SOURCE RECORDS>
▬▬▬
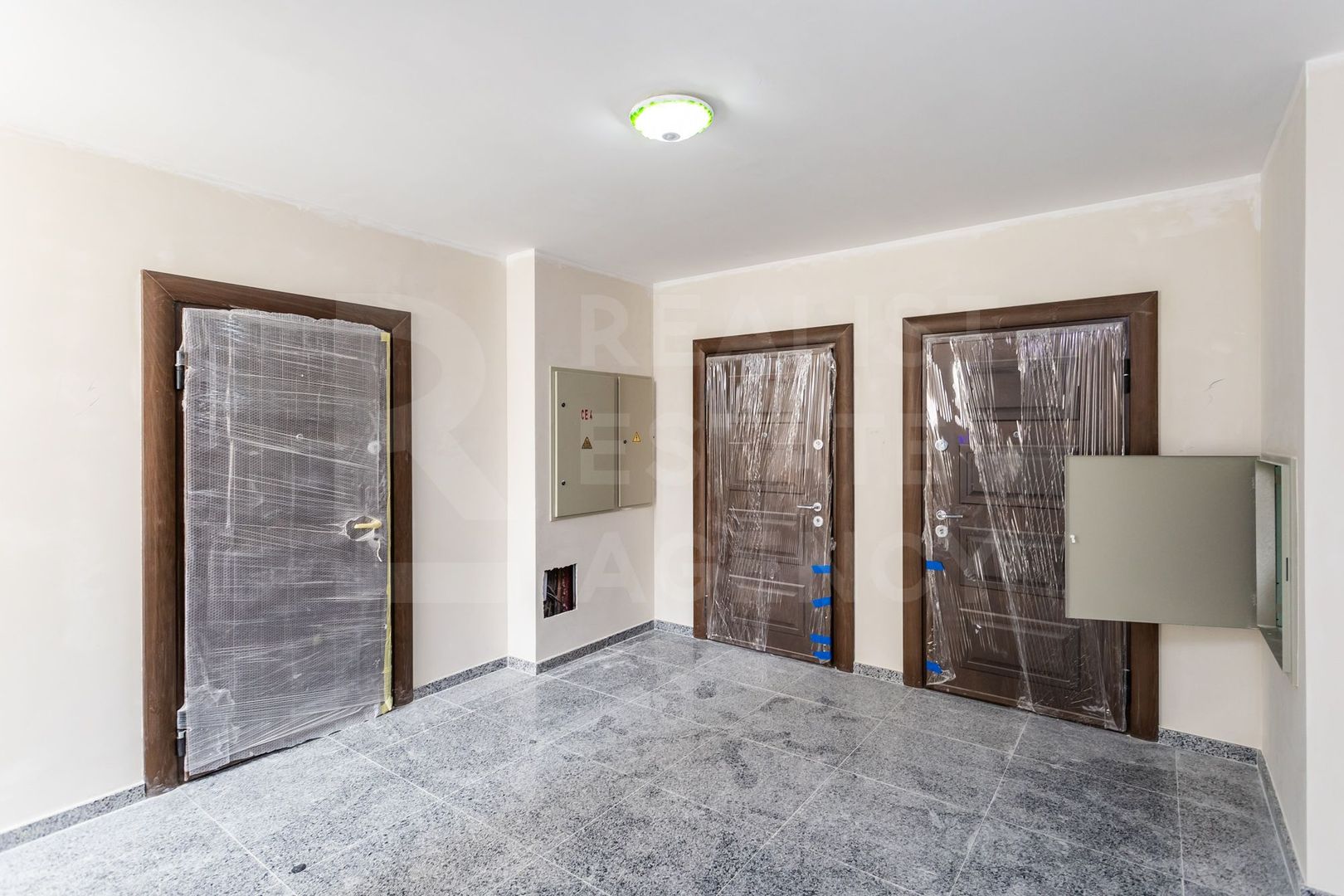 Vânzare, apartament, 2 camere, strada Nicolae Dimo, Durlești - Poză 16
▬▬▬
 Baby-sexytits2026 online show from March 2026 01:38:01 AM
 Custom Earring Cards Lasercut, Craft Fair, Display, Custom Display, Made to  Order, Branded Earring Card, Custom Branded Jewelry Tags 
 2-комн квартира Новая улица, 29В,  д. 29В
▬▬▬
DIRECTIONS FOR THIS TASK>
Write down again, exactly as given, only the lines above that fall from the line with "Baby-sexytits2026 online show" to the line with "2-комн квартира Новая", inclusive.

ANSWER SECTION>
 Baby-sexytits2026 online show from March 2026 01:38:01 AM
 Custom Earring Cards Lasercut, Craft Fair, Display, Custom Display, Made to  Order, Branded Earring Card, Custom Branded Jewelry Tags 
 2-комн квартира Новая улица, 29В,  д. 29В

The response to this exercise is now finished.